Without a doubt that’s the most common thing that is said to me when people hear our story. Next to that is “if I were you I could’ve never handled it that way.” I’m not even sure what “that way” means but I suppose it speaks to a peace we had that can only be attributed to God. So let me be raw with you. We had twelve days between the first weird episode and the five hours we spent waiting in a hospital room for calls from the OR like “the skull cap has now been removed.” Twelve days doesn’t prepare you for that. A lifetime doesn’t prepare you for that. And anyone that knew me knows that I was not a naturally calm and easy-going person. Josh is, and he was a rock for me through that, but that was not my natural tendency. The week leading up to her diagnosis felt like everything I thought I had a handle on was spinning out of control. I was a nervous wreck and basically cried all the time. I had a new baby, my house was in disarray because we were about to move, and my two year-old was having frequent seizures that looked and felt like something from a horror movie. The night that things escalated we were at a friend’s house because the “keeping her awake for the EEG” thing wasn’t working out well at home and they lovingly offered for us to have a very late night play date with their daughter in an effort to perk Adri up. That worked for awhile and then she fell asleep around midnight in Josh’s lap. About 10 minutes in, she woke up, vomiting and seizing and lost all color. We had to lay her on the couch and her face turned pale and her lips were blue. She was unresponsive even though her eyes were open. She stayed in that seizing state for upwards of 30 minutes. It felt like a million years before the ambulance arrived and while I waited I just paced around the house. I honestly thought I was going to lose my child that night. We loaded the ambulance and sat in front of the house for quite some time because they could not get her to respond. Eventually they turned the sirens on and we took a very speedy trip to the ER. Before taking her in, they let me get on the stretcher and they placed her, limp and soaked in urine, in my lap and wheeled us in together. I don’t have the words to describe how a moment like that impacts you are a mother. It took something that scary to awaken me to the reality that I was not in control at all.

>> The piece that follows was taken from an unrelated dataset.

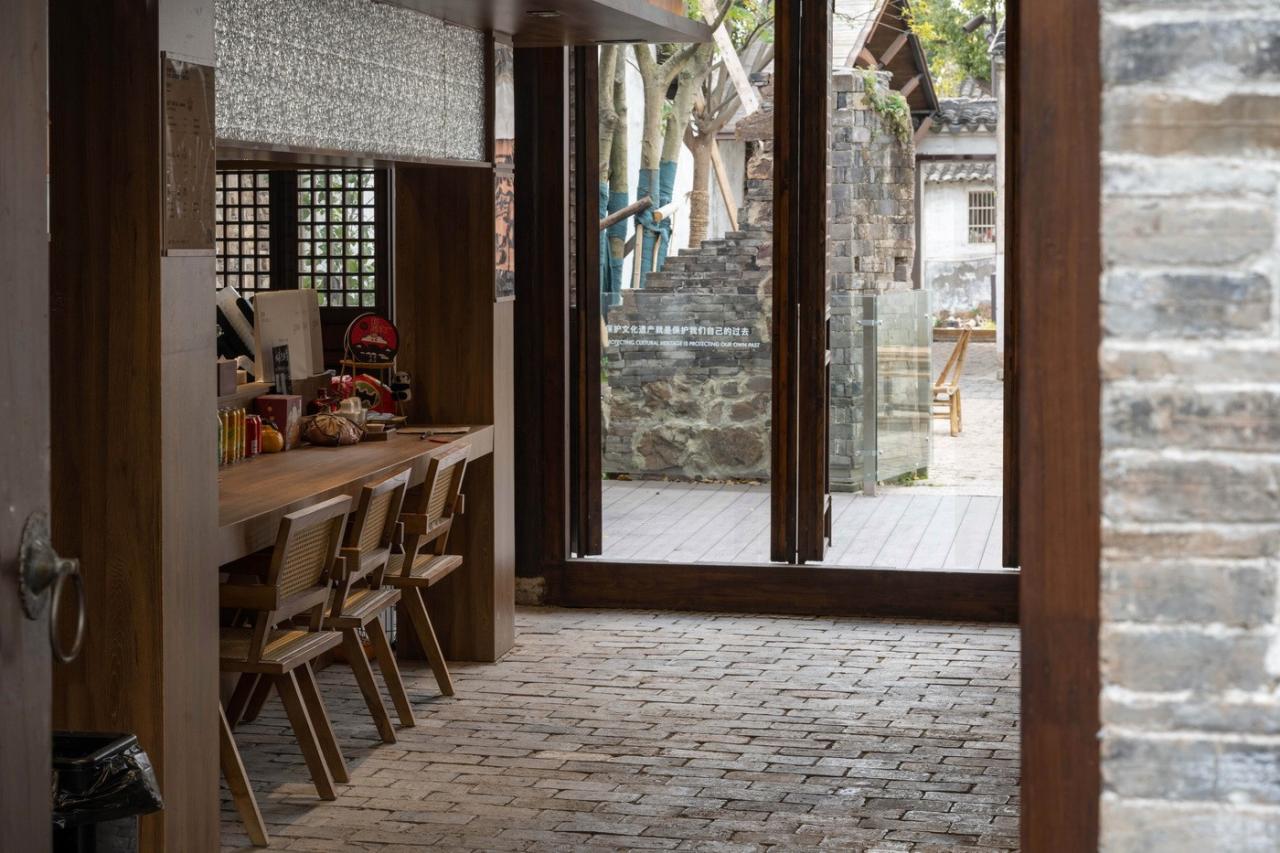 BIM建筑|焦溪是家小院,常州 / 平介设计 BIM建筑|焦溪是家小院,常州 / 平介设计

So when people say they can’t imagine, I would say to that, no one can and I couldn’t either. No one imagines those moments with their child. There is nothing supernatural about us that gives us strength to endure watching our toddler in an ICU room with an IV in her neck and a fresh scar from brain surgery. We were not strong, we were very very weak. I still am. I cry every time I remember it. It was painful. The memories are still painful. And then I cry every time I hear of a child dying from a brain tumor because I don’t know how to process that my child had the same thing and has been given a very normal life. My emotions range from grief to joy to guilt. Four and a half years later, there are still quiet nights where I’m the last one awake and I sob at the memories and the gratefulness and the sorrow for those who don’t get to be frustrated at a dramatic 7 year-old because their child didn’t live.

So why share all of this now? Because every day 13 children get the diagnosis we got. Tuesday night a 5 year-old boy in NY took his last breath because of a very aggressive brain tumor that wouldn’t response to treatment. Tomorrow 13 mommies will enter the world of emotional highs and lows that I’ve cycled through. I want help for those moms, those families, those kids. I want other people to be aware that, for kids like Adri who have surgery and then seem to be well, emotionally things will never be the same for that family. They will either live in fear every time their child does anything abnormal or they will have to choose to fight a natural fear that comes on every time their child does something abnormal. Many of these families will often hear from well-meaning people, “oh well that’s great that it’s not cancer,” and wrestle with all kinds of emotions that come with that statement. My hope is that sharing what we went through then and also go through now raises a great awareness about all aspects of this diagnosis.